- Genre: Panel show
- Directed by: Alexander Leftwich
- Presented by: Phil Baker
- Country of origin: United States
- Original language: English
- No. of seasons: 1
- No. of episodes: 1

Production
- Producer: Lester Lewis
- Production locations: New York City, New York
- Running time: 30 minutes

Original release
- Network: CBS
- Release: June 25, 1951

Related
- The Goldbergs; It's News to Me;

= Who's Whose =

US television program

Who's Whose is a panel quiz television game show that ran on the Columbia Broadcasting System (CBS) television network. It premiered as a TV series on June 25, 1951, and is noted for being one of the first television series to be dropped after one episode.

==Host and panelists==
Who's Whose was hosted by long-time comedian and radio game show host Phil Baker. His on-air assistant was a man in a turban, dubbed "Gunga". The three regular celebrity panelists for the show were Robin Chandler, Art Ford, and Basil Davenport. They were joined by guest celebrity panelist Emily Kimbrough. The show was broadcast live and a kinescope was produced for stations that aired it on a delayed basis.

==Game play==
A round began with the "panel of experts" facing a group of either three men or three women. Through questioning, the panel tried to determine which of the three was the spouse of the person sitting with Phil Baker. In an additional separate round, the panel attempted to pick out the spouse of a noted celebrity.

==Background==
Who's Whose was brought in to replace The Goldbergs, which was dropped by its sponsor (General Foods) when its creator Gertrude Berg refused to fire the blacklisted actor Philip Loeb. The last episode of The Goldbergs ran on June 18, 1951. The official explanation given by the sponsor for dropping the show was that it was for "economy reasons". Who's Whose was slated to run in The Goldbergs old timeslot during the summer and then be replaced in the fall.

==Audition show (pilot)==
The concept for Who's Whose was tested in May 1951. An audition show (nowadays known as a pilot) was produced, but it was created in a unique, cost-saving way. The sound from the test program was recorded on audiotape in a radio studio, while the visuals were recorded by taking a series of still camera photographs of the proceedings. The show's concept was then demonstrated by playing back the audio while flipping through the still photos. This technique was dubbed a "two-bit kine". After the show was sold to CBS, a standard kinescope was produced to further develop the concept of the show.

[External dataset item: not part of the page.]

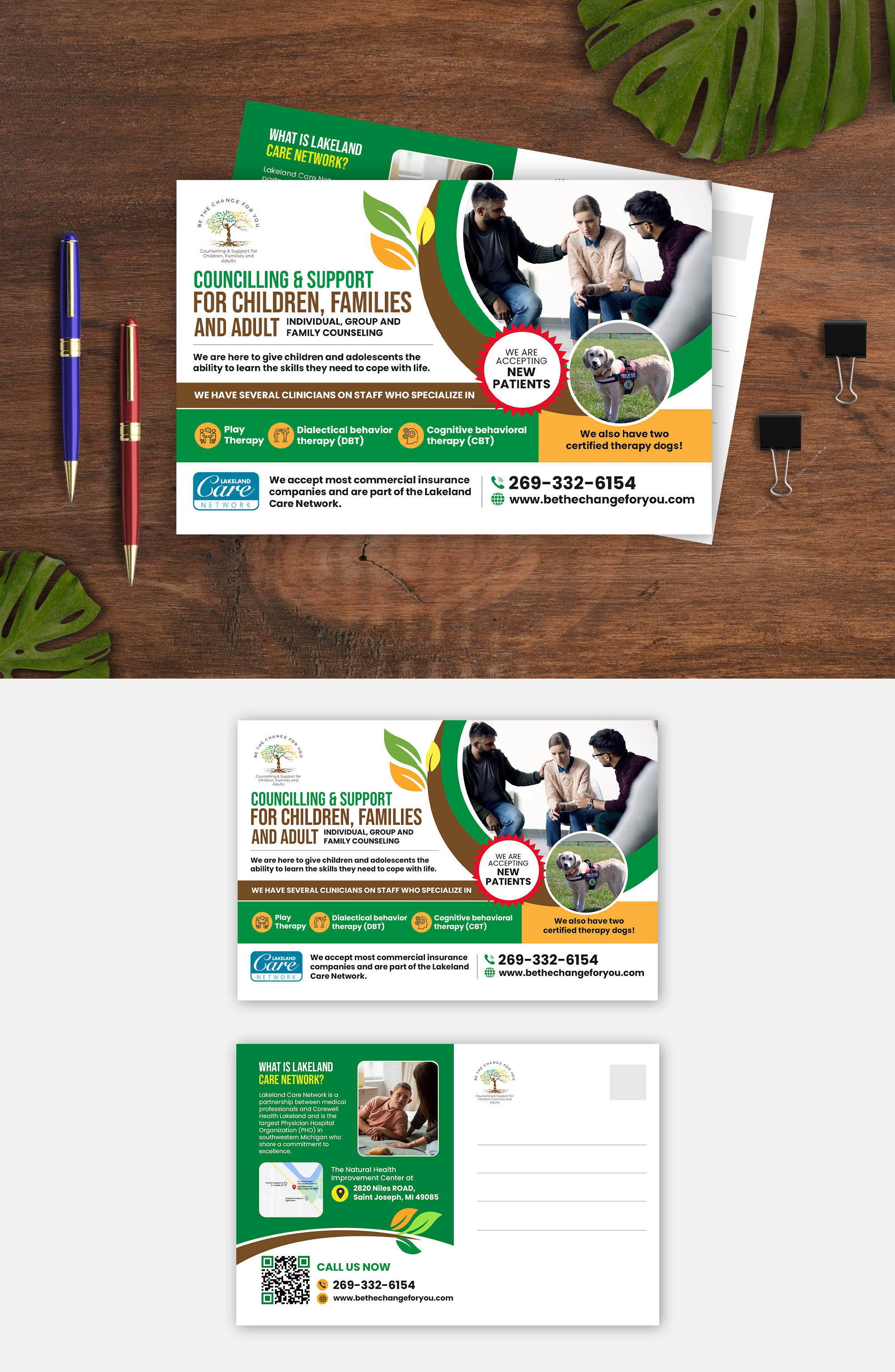 Postcard Design by debdesign for Be The Change For You, LLC | Design #31650246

==Packaging and sponsorship==
Who's Whose was brought into existence as a "package" deal by the advertising agency Young & Rubicam (Y&R). Packaging was the common practice dating back to the days of network radio, whereby an outside entity such as an advertising agency would assemble the various production elements, including a commercial sponsor, which are needed to bring about a show. The proposed show would then be presented to a network as a "complete package". (The similar concept of movie packaging is still fairly common.) Actual production of the show was handled by independent packager Lester Lewis.

General Foods picked up sponsorship of the show in order to advertise its Sanka coffee brand, which it was already selling on The Goldbergs. General Foods was able to place the show in the same timeslot as The Goldbergs because it basically "controlled" the timeslot in which the show ran, namely Mondays from 9:30 to 10:00 pm Eastern Time on CBS-TV. This was also a common practice which also dated back to the days of network radio, where a single sponsor would pay the full costs for a certain timeslot and thus be given a great deal of leeway in determining what ran during that period. Today, rising commercial rates have made this practice usually too expensive for any one sponsor to afford (in any event, regulations following the 1950s quiz show scandals discouraged networks from ceding that much power to advertisers).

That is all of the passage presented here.